Important directions for future research include investigation of the environmental and personalized genomic inputs that contribute to the varying influence of sleep on immunity and inflammatory biological mechanisms and how distinct aspects of sleep map onto immunological signatures. With increased understanding of these inputs may come a better knowledge of the unique profile of sleep disturbance on infectious and inflammatory disease risk, the role of antiviral or proinflammatory immune response in mediating these respective adverse health outcomes, and the development of interventions that target sleep disturbance as one strategy to augment therapeutic control of chronic infectious, inflammatory, and neuropsychiatric diseases such as depression.

SUMMARY POINTS

1. Insomnia complaints are highly prevalent, occurring in nearly 25% of the US population, and adversely influence morbidity and mortality risk.

2. Sleep can be assessed objectively by polysomnography; other evaluations of sleep are provided by actigraphy, sleep diaries, and self-report questionnaires as well as clinician-based diagnosis of insomnia disorder.

3. Sleep influences the two primary effector systems, the hypothalamus-pituitary-adrenal axis and the sympathetic nervous system, which in turn regulate adaptive and innate immune responses.

4. Nocturnal sleep is associated with increases in adaptive and innate system activity (i.e., inflammation), which occur against the background of the strong circadian rhythm of cortisol and its suppressive effects on these aspects of the immune system, and a nocturnal decline in sympathetic outflow.

5. Sleep deprivation and naturalistic disturbance of sleep (i.e., short sleep duration or reduced sleep efficiency) impair adaptive immunity; this impairment is associated with reduced response to vaccines and increased susceptibility to infectious disease. Decreases in growth hormone during slow wave sleep and increases of sympathetic activation are two mechanisms implicated in the link between sleep disturbance and reduced antiviral immune responses.

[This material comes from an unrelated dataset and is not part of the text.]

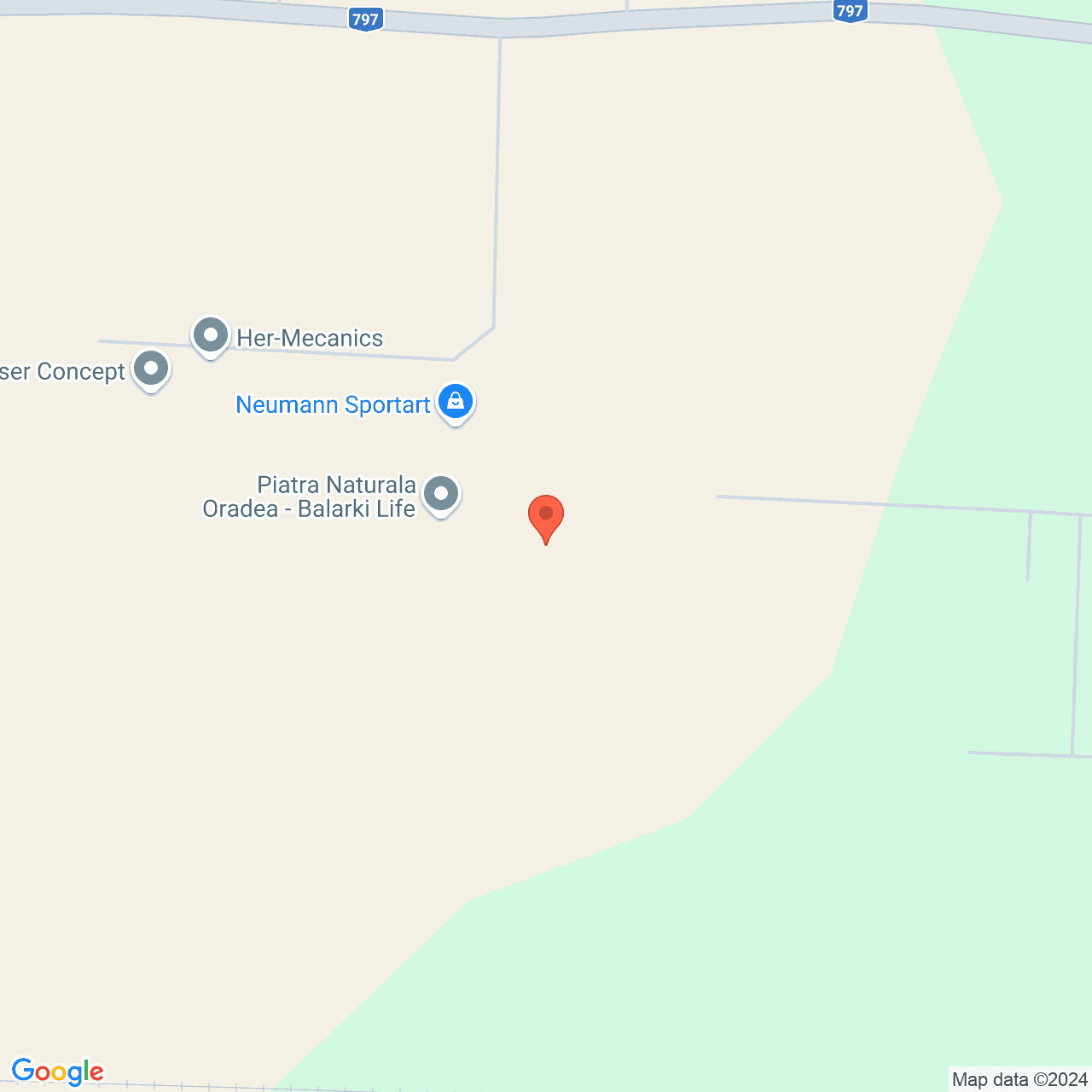 Poza harta streetview, zoom 16, adresa Santandrei Bihor, , judetul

6. Sleep loss, short sleep duration, and complaints of sleep disturbance are associated with increases in inflammation, which are thought to be due to the effects of sleep disruption on adrenergic signaling that steers inflammatory gene expression. Women appear to be more vulnerable to the effects of sleep disturbance on inflammatory dynamics, whereas men appear to be more at risk for cardiovascular disease and cancer, but not depression, in association with sleep disturbance, especially short sleep duration. However, prospective evidence that inflammation mediates the association between sleep disruption and inflammatory disorders, including depression, is not yet available.

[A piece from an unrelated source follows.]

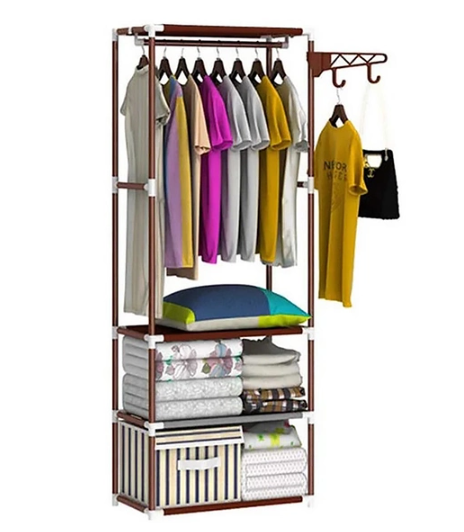 Шафа - органайзер NEW BOXY COAT RACK Збірна вішалка з полицями та гачками для одягу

7. Reciprocal links exist between the innate immune system and the brain, and pharmacologic blockade of physiologic levels of proinflammatory cytokine activity appears to normalize sleep continuity and REM sleep in clinical populations with either sleep disturbance or inflammation, or both.

8. Behavioral treatments that target stress response pathways or improve sleep have the potential to reduce systemic, cellular, and genomic markers of inflammation, with implications for cardiovascular or other inflammatory disease risk.